Sulla fronte dell’indiano passò come una nube, ed i suoi occhi nerissimi ebbero un lampo.
«Come vedete, amici miei, sono ancora vivo ed in perfetta salute» rispose l’indiano. «Mi sono ben guardato dal fermarmi in qualche albergo per vuotare una bottiglia di birra inglese. Per Siva! La cosa è grave». «È a me che lo dici?» disse Yanez. «Diciamo invece gravissima. Dove sei stato?»
«Ho dato la caccia all’avvelenatore del tuo primo ministro insieme a Timul. Quel giovane sa trovare una pista fra mille, in modo assolutamente stupefacente». «E l’hai scoperto?» chiesero ad un tempo la rhani ed il portoghese.
«Vi dico che qui, nella vostra capitale che sembra tanto tranquilla, si congiura per strapparvi probabilmente la corona».
«Ma dove sono questi congiurati?» gridò Yanez. «Dimmelo e li farò arrestare immediatamente».

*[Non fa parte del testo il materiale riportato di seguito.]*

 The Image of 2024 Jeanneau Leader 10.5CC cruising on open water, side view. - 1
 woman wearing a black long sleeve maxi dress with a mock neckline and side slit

«Sarà un affare un po’ difficile» rispose l’indiano, sedendosi su una poltrona a dondolo. «Conosci tu il sottosuolo della tua capitale? Scommetterei una rupia contro mille che lo ignori».
«Io so che il terreno che regge i nostri palazzi, le nostre pagode, i nostri monumenti, è composto di buona terra mista a lastre di pietra».
«Non hai mai udito parlare delle immense cloache che corrono e che si diramano sotto questa città?»
«Sì, ma io mi sono ben guardato di cacciarmi dentro a quei budelli pieni di microbi pericolosi. Oh!… Le cure dello stato!… Non mi lasciano mai un momento di tempo». Surama e Tremal-Naik erano scoppiati in una risata.